THE TASK: Output the whole listing exactly, except for the pictures in it.

========

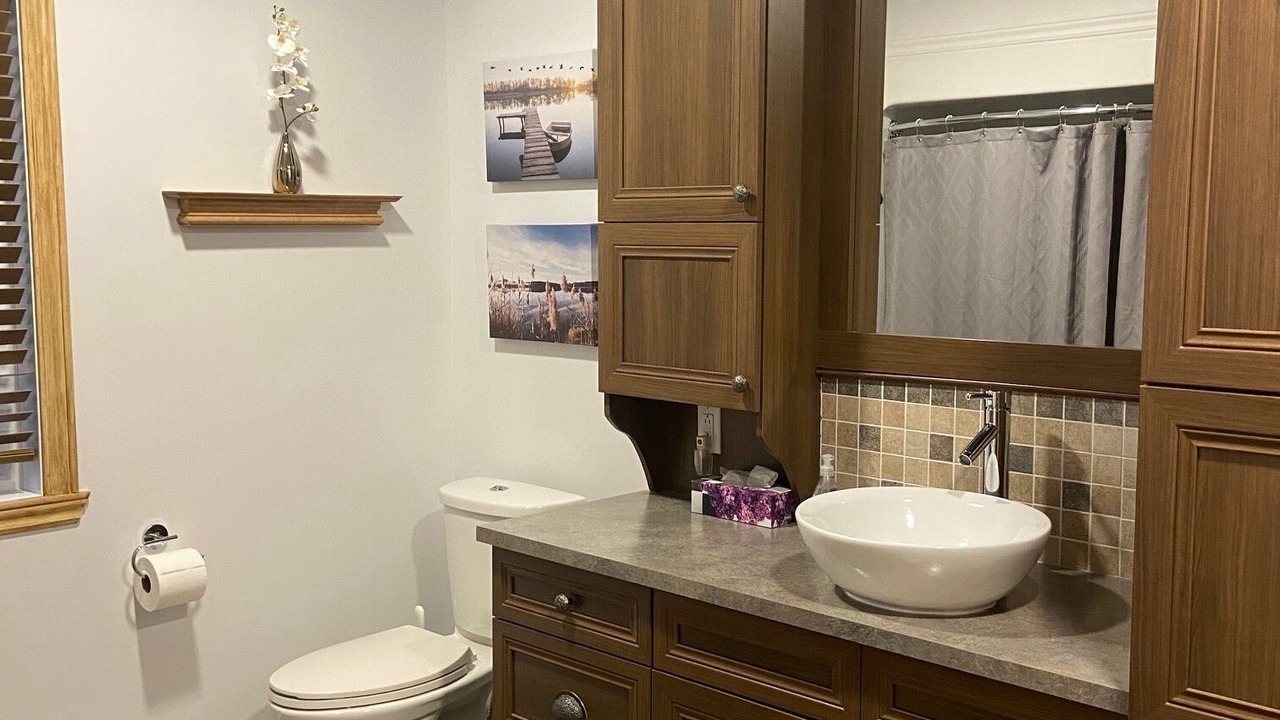 Photo of Bathroom in Saint-Anicet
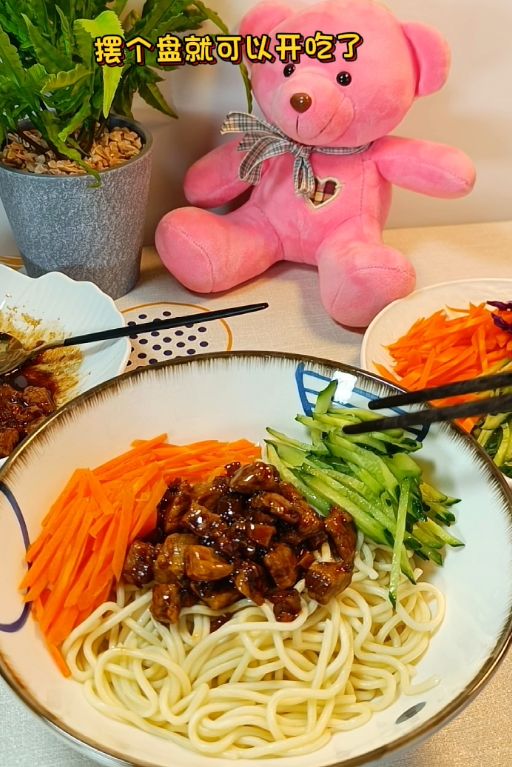 周末轻松早餐炸酱面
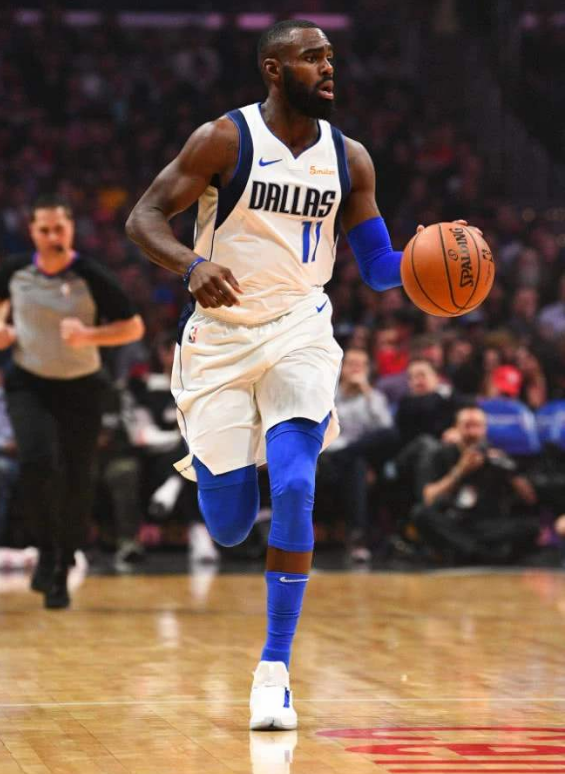 独行侠队小将异军突起,带领球队走向胜利 独行侠队小将异军突起,带领球队走向胜利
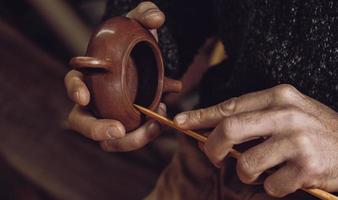 oleiro faz um bule de chá chinês tradicional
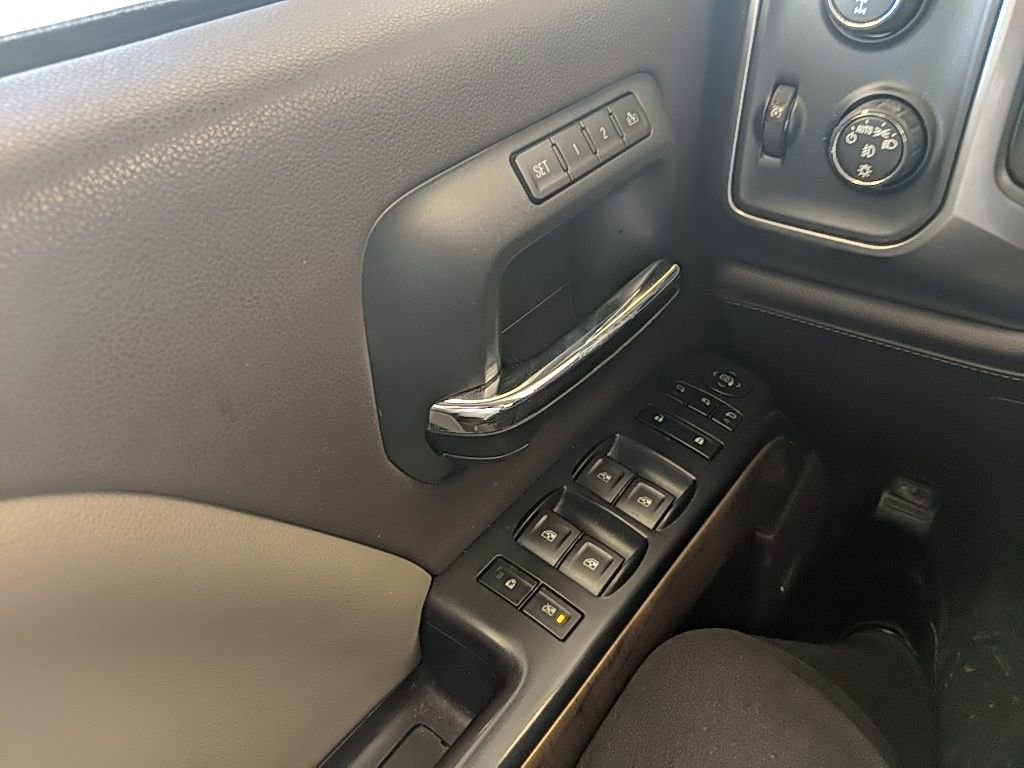 Used 2015 Chevrolet Silverado 1500 LTZ image 27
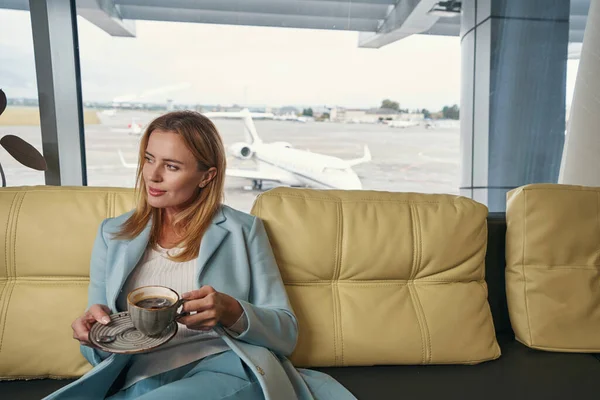 공항 라운지에서 커피를 마시고 있는 관대 한 승객 — 스톡 사진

========

EXERCISE SOLUTION:
 Photo of Bathroom in Saint-Anicet
 周末轻松早餐炸酱面
 独行侠队小将异军突起,带领球队走向胜利 独行侠队小将异军突起,带领球队走向胜利
 oleiro faz um bule de chá chinês tradicional
 Used 2015 Chevrolet Silverado 1500 LTZ image 27
 공항 라운지에서 커피를 마시고 있는 관대 한 승객 — 스톡 사진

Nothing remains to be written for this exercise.